American Graffiti (1973)

A group of teenagers in California are spending the last night after high school graduation doing various things before, they go on to pursue the next part of their lives.

Director: George Lucas

Cast: Richard Dreyfuss, Ron Howard, Paul Le Mat, Charles Martin Smith, Cindy Williams, Candy Clark, Harrison Ford

MPAA Rating: PG for language

Runtime: 1hr 52min

Fun Fact: George Lucas missed his high school reunion due to filming this movie.

Remember when you and your friends got your driver’s license and your first car? One of the things that my friends and I would do on a Friday night in high school was drive around town just for the heck of it. We would go out to get food and hit up local entertainment like a movie or the bowling alley and blow off steam from the school week and head into the weekend without worry. Once graduation happened it was that time where you spent that final summer not having a care in the world before you entered a whole new journey in life where we all had to figure out what we wanted to do.

American Graffiti is a look into life in the early 1960’s in Modesto California. The film follows four friends that spend the last night of summer together on different adventures. We follow each of the four characters on their separate journeys through the night and how they intertwine with each other. Director Geroge Lucas gives us authentic characters and how they are coming of age and how change can be hard. With effective use of dialogue, we get to know these people and we also want to know more about them. There isn’t one true main character, and we get equal focus on all of them. We see great progression from start to finish and it is all interesting. These conversations we see are the best parts of the film and it leads to another important part. That part is that its relatable for everyone.
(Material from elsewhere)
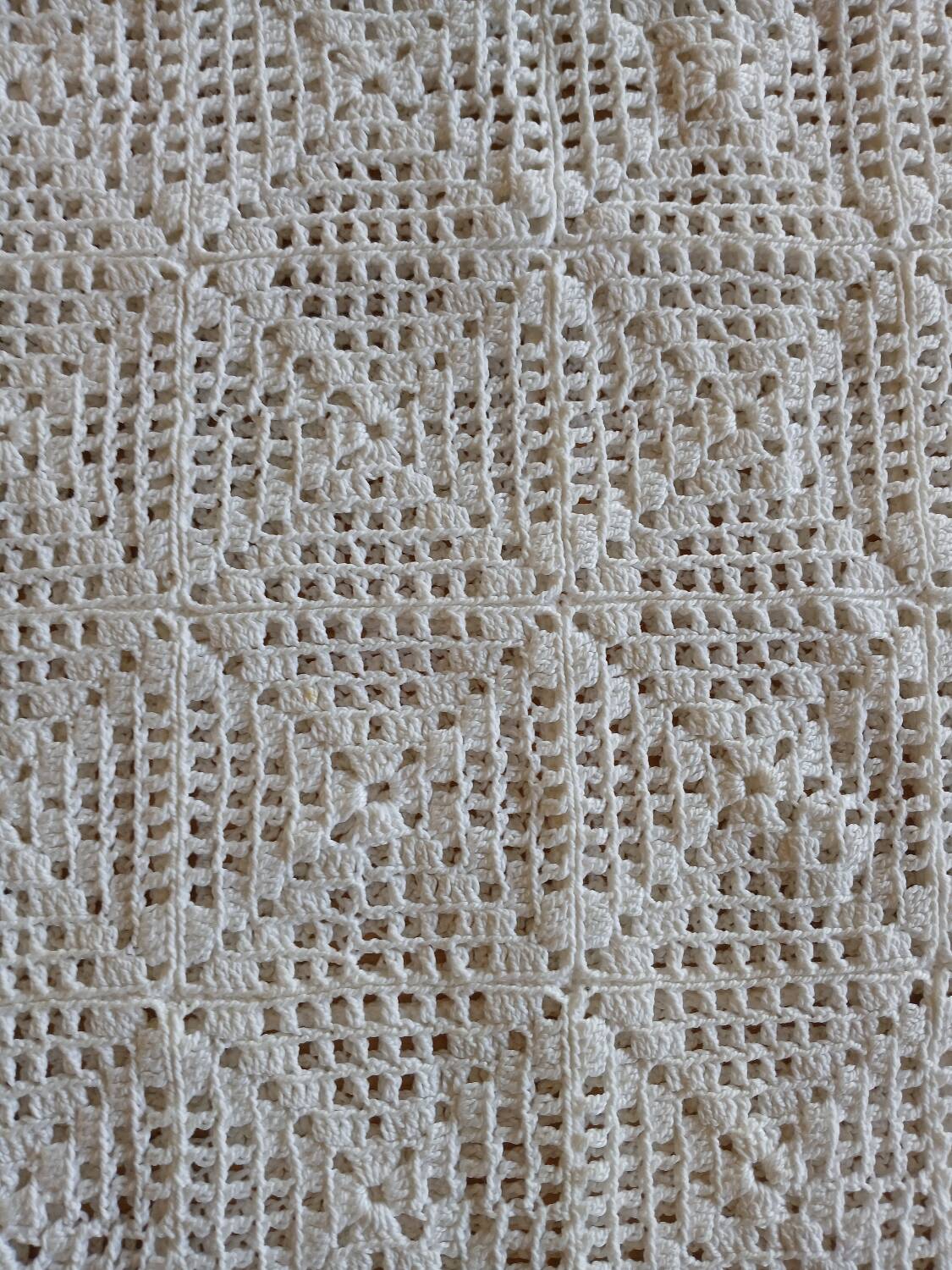 Handmade crochet antique pillowcase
We have all been in this position in our lives where we have come to age and how we had to accept change and move on from what we had known. There wasn’t a character that I didn’t like and was invested in everything they had going on.

This leads to the cast being on their A-game. The chemistry between Paul Le Mat and Mackenzie Phillips is great. They have quite a bit of scenes together and we see their characterizations progress nicely. Richard Dreyfuss delivers a solid performance as he goes on many adventures throughout the night. While we all mostly know Ron Howard for his directing career, he was a decent actor, and this is one of his more memorable performances. Harrison Ford has a smaller role in this film, but he pulled off his character with just the right amount of arrogance. The casting was done right, and the performers were put into the right roles.
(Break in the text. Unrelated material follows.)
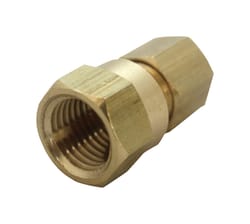 JMF Company 1/2 in. Compression X 3/8 in. D FPT Brass Adapter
Another thing that makes American Graffiti enjoyable is the technical aspects of it and the look. Most of the film we see the characters in classic cars driving around. These cars look amazing and some of the most memorable parts of the film are the characters just driving around. The cinematography is top notch with these scenes because most of the film is in the cars. We focused camera work on the cars and even the conversations between the characters in the cars. The biggest selling point is the music that accompanies the film. We get many classic early rock n roll hits and well filmed high school dance concert of these songs. I have this soundtrack on vinyl and I’m a fan of the era of music. The songs are inserted into the right parts of the film as well.

Overall, American Graffiti is a film that we can all relate to. We all have been at that point in our lives where we had to accept change even if we were not ready for it or didn’t want it. We get relatable characters, and you will want to get to know them more. While it is a relatable film it is also a technically well-made film that also resembles a period piece that flows well. We go down Geroge Lucas’ memory lane of nostalgia and how he grew up. Another interesting fact is that Francis Ford Coppola was a producer on this film. That right there for the time was a dream team between Lucas and Ford Coppola. This was also the film that gave George Lucas the opportunity to create a little thing called Star Wars. I would highly recommend you check I out because you might relate to it in some way.